The Philippines’ installed non-hydro renewable power capacity is expected to register a compound annual growth rate (CAGR) of 11.2% between 2018 and 2030 with support from the government, according to data and analytics company GlobalData’s latest market report.
The report, which focused on market trends, regulations and the competitive landscape in the Philippines, revealed that the growing economy has led to an increase in electricity consumption, which is expected to increase at a CAGR of 6.5%, from 81.7TWh in 2018 to 173.9TWh in 2030.
The firm noted that the country’s industrial and residential sectors have been the largest in terms of electricity consumption. That said, the rapid growth in consumption may cause demand to outstrip supply, despite how the capacity from the ongoing and planned power projects is forecasted to increase.
“Growing population is driving electricity consumption in the Philippines. As a result, new investment in capacity addition is urgently needed,” Harshavardhan Reddy Nagatham, power industry analyst at GlobalData, explained. “Peak demand has been increasing annually and a lot of new operational capacity is expected to be unlocked in the near future.”
One of the major avenues of investment is expected to be in the field of renewable energy, GlobalData also revealed.
“In order to reduce its dependence on imported fossil fuels, the Philippine government is promoting the development of renewable power capacity. Net-metering of rooftop solar installations is also being bolstered,” the firm explained.
As of 2018, coal-fired thermal power dominated the Philippines’ power portfolio with a share of 36.4% of the total installed capacity, followed by oil-fired thermal, hydro, and gas-fired thermal power in that order. Non-hydro renewable power capacity accounted for 16.9% of all capacity, with geothermal power accounting for the most.
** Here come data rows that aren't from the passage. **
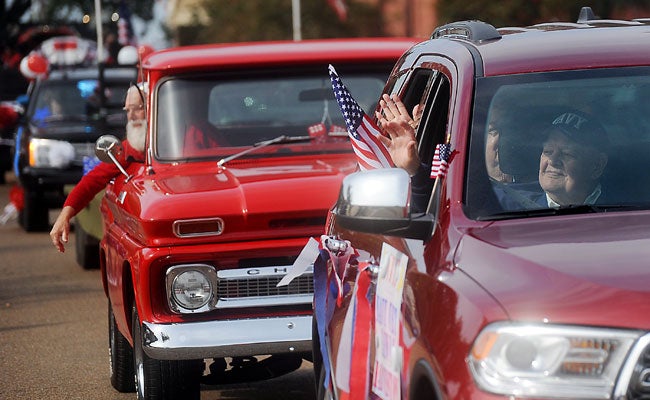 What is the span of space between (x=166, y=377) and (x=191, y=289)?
1.66ft

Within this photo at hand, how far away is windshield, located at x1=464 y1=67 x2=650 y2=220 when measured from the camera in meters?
5.02

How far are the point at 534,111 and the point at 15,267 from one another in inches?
460

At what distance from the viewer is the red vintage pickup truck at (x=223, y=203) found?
753 centimetres

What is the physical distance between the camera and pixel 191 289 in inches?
297

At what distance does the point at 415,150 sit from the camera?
5477 mm

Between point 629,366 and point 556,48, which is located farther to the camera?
point 556,48

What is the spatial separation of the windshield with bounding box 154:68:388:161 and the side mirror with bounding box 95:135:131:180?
21 cm

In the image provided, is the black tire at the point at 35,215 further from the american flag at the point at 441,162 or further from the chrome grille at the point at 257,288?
the american flag at the point at 441,162

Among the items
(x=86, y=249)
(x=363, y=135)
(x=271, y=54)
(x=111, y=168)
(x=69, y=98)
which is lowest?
(x=86, y=249)

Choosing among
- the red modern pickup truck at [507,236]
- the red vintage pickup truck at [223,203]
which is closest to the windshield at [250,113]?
the red vintage pickup truck at [223,203]

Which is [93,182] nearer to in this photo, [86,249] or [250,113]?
[250,113]

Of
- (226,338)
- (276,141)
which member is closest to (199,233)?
(226,338)

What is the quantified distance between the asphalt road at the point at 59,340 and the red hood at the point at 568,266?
435 cm

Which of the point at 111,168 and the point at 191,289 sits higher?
the point at 111,168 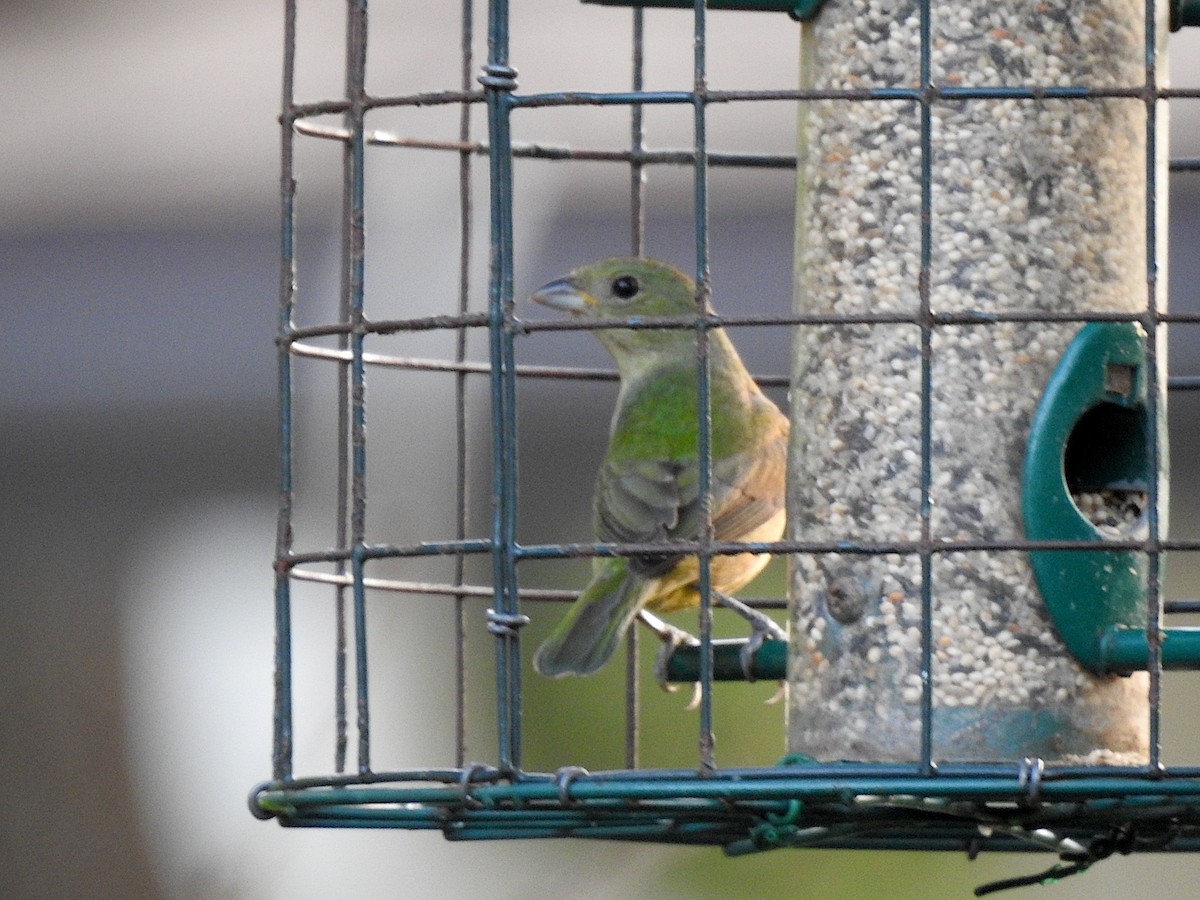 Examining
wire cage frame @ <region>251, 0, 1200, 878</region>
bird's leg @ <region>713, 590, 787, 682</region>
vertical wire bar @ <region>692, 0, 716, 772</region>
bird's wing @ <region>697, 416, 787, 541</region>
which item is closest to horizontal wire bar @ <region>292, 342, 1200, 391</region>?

The government is promoting the capacity addition of solar, wind and bio-power capacity through Feed-in Tariffs (FiTs).
Meanwhile, the share of thermal power in the total installed capacity is set to decline from 67.8% in 2018 to 53.7% in 2030, which is expected to be compensated by an increase in non-hydro renewable energy sources with their share expected to increase from the current 16.9% to 26.9% in 2030.
“Net-metering currently has low adoption in the Philippines, but can play a major role in increasing renewable power capacity in the country and in helping with the supply security,” Nagatham explained. “Creating awareness amongst the public and businesses to embrace the technology and encouraging the adoption of solar and other renewable power technologies amongst institutional power consumers will go a long way in achieving the country’s energy independence and security.”